EXERCISE PROMPT
Each line of the listing, apart from the pictures, is to be printed exactly.

RAW DATA
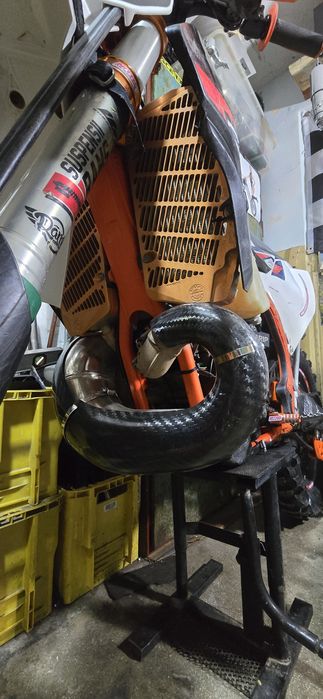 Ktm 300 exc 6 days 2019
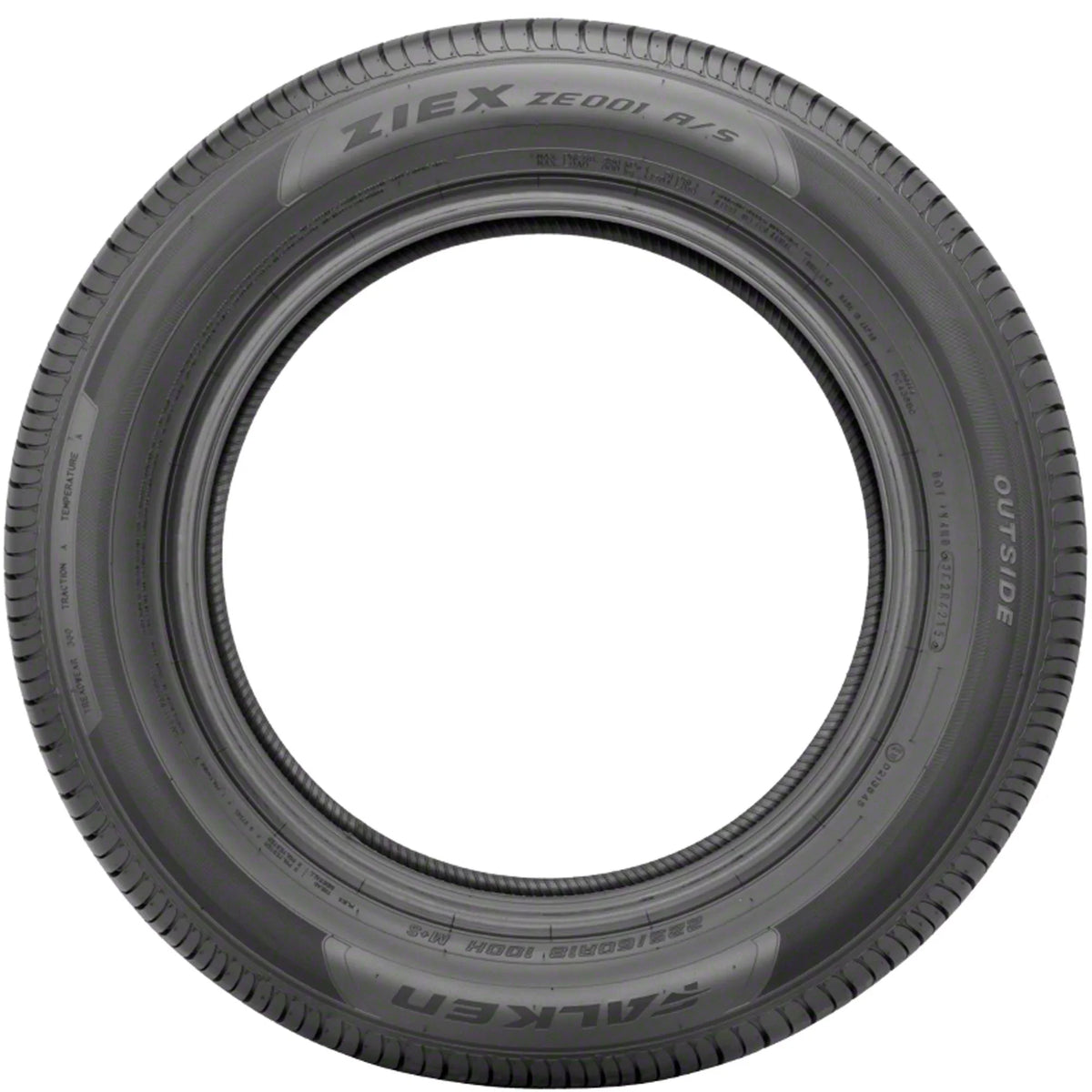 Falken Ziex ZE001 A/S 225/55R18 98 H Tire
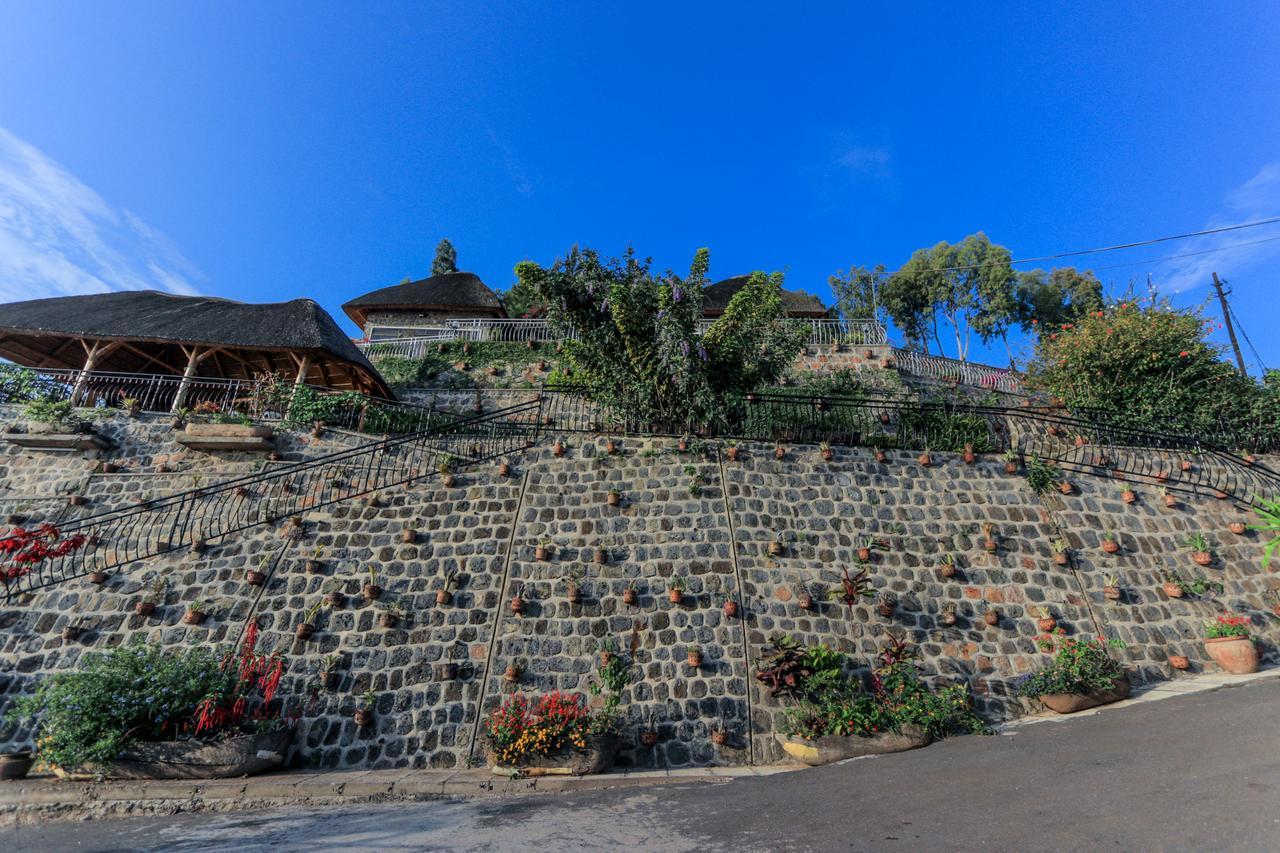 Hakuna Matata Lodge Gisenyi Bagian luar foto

RESPONSE
 Ktm 300 exc 6 days 2019
 Falken Ziex ZE001 A/S 225/55R18 98 H Tire
 Hakuna Matata Lodge Gisenyi Bagian luar foto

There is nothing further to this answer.